DAILY MAIL MEMMENT: Get rid of that party hangover

What is the minimum number of people required to throw a party? Because of the large number of people who attended Sir Keir’s party in Durham last year, we ask this question.

After a hard day of campaigning, the initial report was that there was only the Labour leader with some colleagues who were enjoying a beer after work.

Yesterday however, Sir Keir said that six members of the team he was referring to included him. Presumably, there were also representatives from the constituency association, whose offices it was.

Sir Keir Starmer being interviewed by host Sophie Raworth for BBC1. He yesterday admitted the 'team' of colleagues he drank a beer with last April comprised around six people

Interview with Sir Keir Sternmer by Sophie Raworth, BBC1. Yesterday, he admitted that the “team” of six colleagues with whom he had a beer last April consisted about six people.

What is the total number? Ten? A dozen? More? Remember that indoor socialising was illegal at the time. The Daily Mail also revealed today that official guidelines for May 6 elections stated that campaigners were not to meet indoors.

How does this event differ from Boris Johnson enjoying a drink after work in Downing Street’s garden? It was certainly safer to have it outdoors.

But Sir Keir insists on Mr Johnson’s resignation while refusing to apologize (three times in total yesterday) for his obvious rule-breaking.

Yes, multiple parties were held at Downing Street. However, Sir Keir’s soirée is still acceptable. Keir is no less a steaming hypocrite.

This unsatisfying bunfight is making the public sick.

Sue Gray, the mandarin of Britain, has written about the scandal. Mr Johnson, once again, has declared himself to be in humble repentance (again), while those who arranged the parties have been censured. Britain is free to continue its journey.

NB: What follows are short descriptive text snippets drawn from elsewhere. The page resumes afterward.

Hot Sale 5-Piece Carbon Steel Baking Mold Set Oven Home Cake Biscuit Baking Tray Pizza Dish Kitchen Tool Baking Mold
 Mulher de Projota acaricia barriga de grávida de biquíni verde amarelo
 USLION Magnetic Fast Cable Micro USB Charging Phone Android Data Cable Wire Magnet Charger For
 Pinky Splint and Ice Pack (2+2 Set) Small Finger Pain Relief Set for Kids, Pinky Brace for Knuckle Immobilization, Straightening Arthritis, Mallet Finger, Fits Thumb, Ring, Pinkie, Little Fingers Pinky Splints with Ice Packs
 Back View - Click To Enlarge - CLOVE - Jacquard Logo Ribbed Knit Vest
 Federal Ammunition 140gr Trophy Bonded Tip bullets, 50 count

The PM was forced to rediscover his Tory side as a result of “Partygate”.

Sue Gray, pictured, is the civil servant in charge of the investigation into Downing Street's 'Partygate' scandal

Sue Gray (pictured) is the civil servant responsible for the Downing Street investigation into the ‘Partygate” scandal 

His backbenchers backed him when he rejected tougher restrictions, despite Omicron’s arrant scaremongering. He is now being driven by them towards a more “red-meat” Conservative agenda.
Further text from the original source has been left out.